Glutathione depletion, radiosensitization, and misonidazole potentiation in hypoxic Chinese hamster ovary cells by buthionine sulfoximine.

Buthionine sulfoximine (BSO) inhibits the synthesis of glutathione (GSH), the major nonprotein sulfhydryl (NPSH) present in most mammalian cells. BSO concentrations from 1 microM to 0.1 mM reduced intracellular GSH at different rates, while BSO greater than or equal to 0.1 mM (i.e., 0.1 to 2.0 mM), resulting in inhibitor-enzyme saturation, depleted GSH to less than 10% of control within 10 hr at about equal rates.

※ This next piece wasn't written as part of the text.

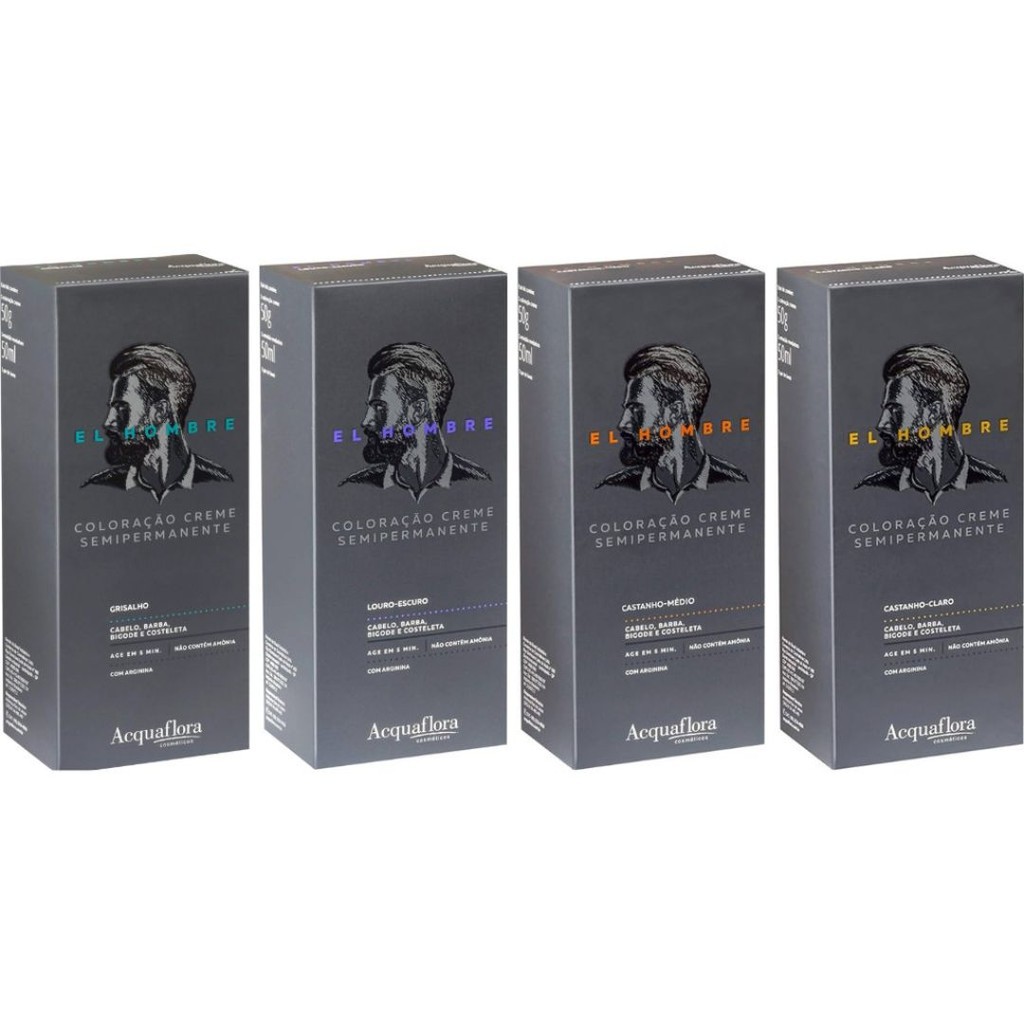 Kit Coloração Creme El Hombre - Acquaflora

BSO exposures used in these experiments were not cytotoxic with the one exception that 2.0 mM BSO/24 hr reduced cell viability to approximately 50%. However, alterations in either the cell doubling time(s) or the cell age density distribution(s) were not observed with the BSO exposures used to determine its radiosensitizing effect. BSO significantly radiosensitized (ER = 1.41 with 0.1 mM BSO/24 hr) hypoxic, but not aerobic, CHO cells when the GSH and NPSH concentrations were reduced to less than 10 and 20% of control, respectively, and maximum radiosensitivity was even achieved with microM concentrations of BSO (ER = 1.38 with 10 microM BSO/24 hr). Furthermore, BSO exposure (0.1 mM BSO/24 hr) also enhanced the radiosensitizing effect of various concentrations of misonidazole on hypoxic CHO cells.